TABLE 3 Tris buffer for anti-agents
The reagents defined in Table 3 were added to the universal Tris buffer pH7.5 defined in Table 1.
TABLE 4 Tris buffer for magnetic beads
TABLE 5 Tris buffer for luminescent substrates
TABLE 6 cleaning solution
Antibody IDL1 was labeled with FITC:
the antibody stock was desalted using a PD10 desalting column and purified by dialysis against carbonate buffer (0.1M Na2CO3, 0.1M Na2HCO 3) at pH8.0-10 at 2-8deg.C. The carbonate buffer was changed twice during desalting and the dialysate was left overnight. Desalted IDL1 antibody was collected, absorbance A280 at 280nm was detected using a spectrophotometer, and the concentration of IDL1 antibody was determined to be A280×0.74×dilution.
20-50. Mu.L of 5mg/mL fluorescein isothiocyanate FITC solution per mg of antibody was added to the desalted IDL antibody and incubated at room temperature (20 ℃ + -5 ℃) for 2 hours. Unbound FITC was removed using a carbonate buffer at ph8.0-10 and the solution was dialyzed overnight while the carbonate buffer was changed 2 or 3 times. FITC-labeled antibody IDL1 complex was diluted with carbonate buffer pH8.0-10 to give absorbance A280 < 2.0. The absorbance at A280 and A492 was measured, and the protein concentration (mg/mL) was calculated to be A280- (A492X 0.35)/1.4.

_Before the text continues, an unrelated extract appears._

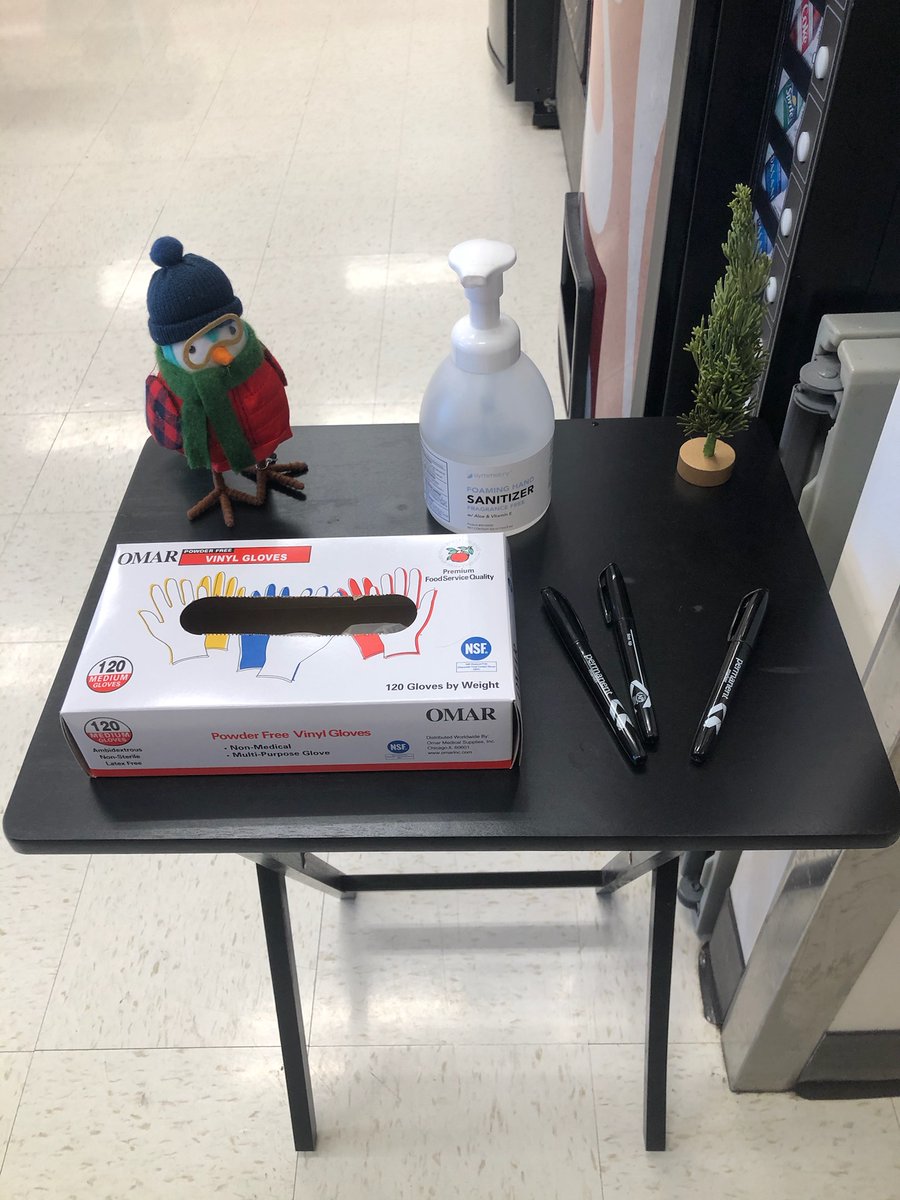 preciouslraye's tweet photo. We're working hard to be grateful and spread some joy at T2717! #T2717
#Target #worksomewhereyoulove #teamengagement #joy @MikeSickels7  @britestey @AmyLewis0179 https://t.co/mEdWHud6ho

FITC-labeled antibody IDL1 was added to 0.3-0.8M Tris buffer containing 0.01-1% preservative (NaN 3, neomycin sulfate, tetracycline and/or brinetol) and 0.01-0.5% surfactant (Tween 20 or Triton X-100) to neutralize 1-5% bovine serum albumin BSA at a final concentration of 0.5-2.0 μg/mL.
Labeling antibody IDL2 with ALP:
The antibody stock was desalted using a PD10 desalting column and eluted with phosphate buffered saline PBS buffer, pH 7.5-8.0. Desalted IDL2 antibody was collected.
Alkaline phosphatase ALP was prepared in PBS buffer (pH 7.5-8.0) at a concentration of 1.0-5.0 mg/mL. The absorbance was measured at 280nm using a spectrophotometer and A280 should be 0.2-1.0.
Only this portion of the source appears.